THE DATA Start Marker

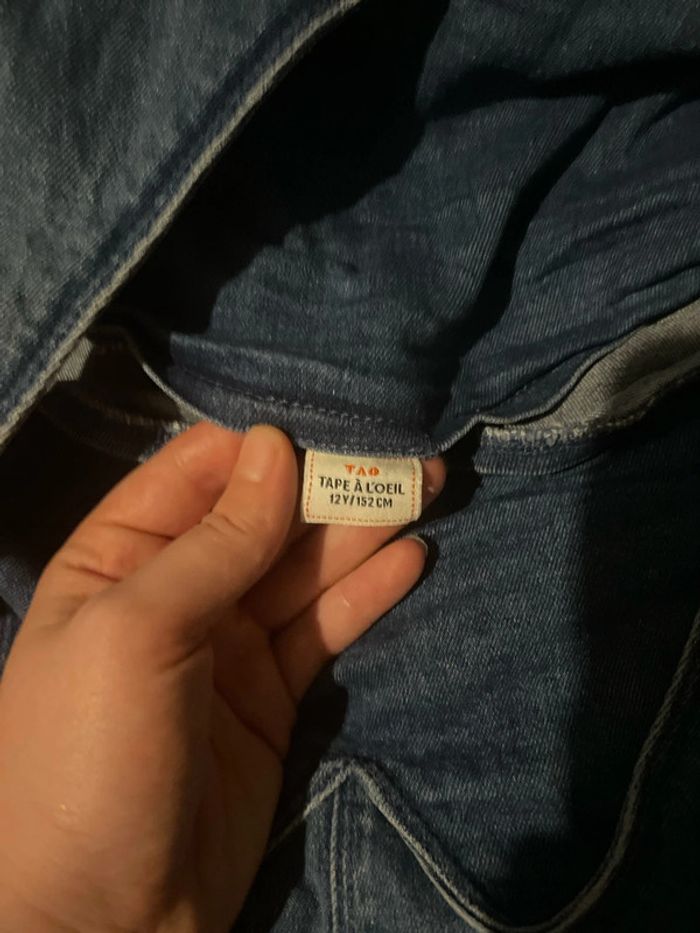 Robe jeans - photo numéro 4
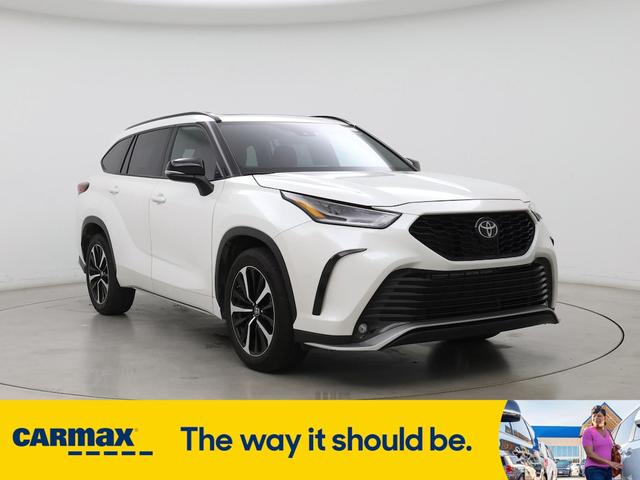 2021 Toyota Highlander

THE DATA End Marker
THE DATA Start Marker

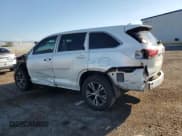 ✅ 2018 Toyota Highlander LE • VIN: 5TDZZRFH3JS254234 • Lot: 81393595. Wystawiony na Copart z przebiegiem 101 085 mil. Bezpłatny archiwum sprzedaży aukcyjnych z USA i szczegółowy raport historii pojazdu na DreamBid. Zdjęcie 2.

THE DATA End Marker
THE DATA Start Marker

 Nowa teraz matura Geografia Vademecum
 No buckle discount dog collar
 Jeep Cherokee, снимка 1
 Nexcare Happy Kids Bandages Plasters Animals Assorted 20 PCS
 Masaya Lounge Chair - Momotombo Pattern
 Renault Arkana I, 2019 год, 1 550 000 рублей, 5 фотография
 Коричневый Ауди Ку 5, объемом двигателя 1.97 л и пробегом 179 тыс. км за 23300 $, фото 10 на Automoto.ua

THE DATA End Marker

PROBLEM DESCRIPTION: Each line in the entries above, starting at the line with "Nexcare Happy Kids" and ending at the line with "Коричневый Ауди Ку", is to be printed exactly, and only those lines.

SOLUTION FOR THIS PROBLEM:
 Nexcare Happy Kids Bandages Plasters Animals Assorted 20 PCS
 Masaya Lounge Chair - Momotombo Pattern
 Renault Arkana I, 2019 год, 1 550 000 рублей, 5 фотография
 Коричневый Ауди Ку 5, объемом двигателя 1.97 л и пробегом 179 тыс. км за 23300 $, фото 10 на Automoto.ua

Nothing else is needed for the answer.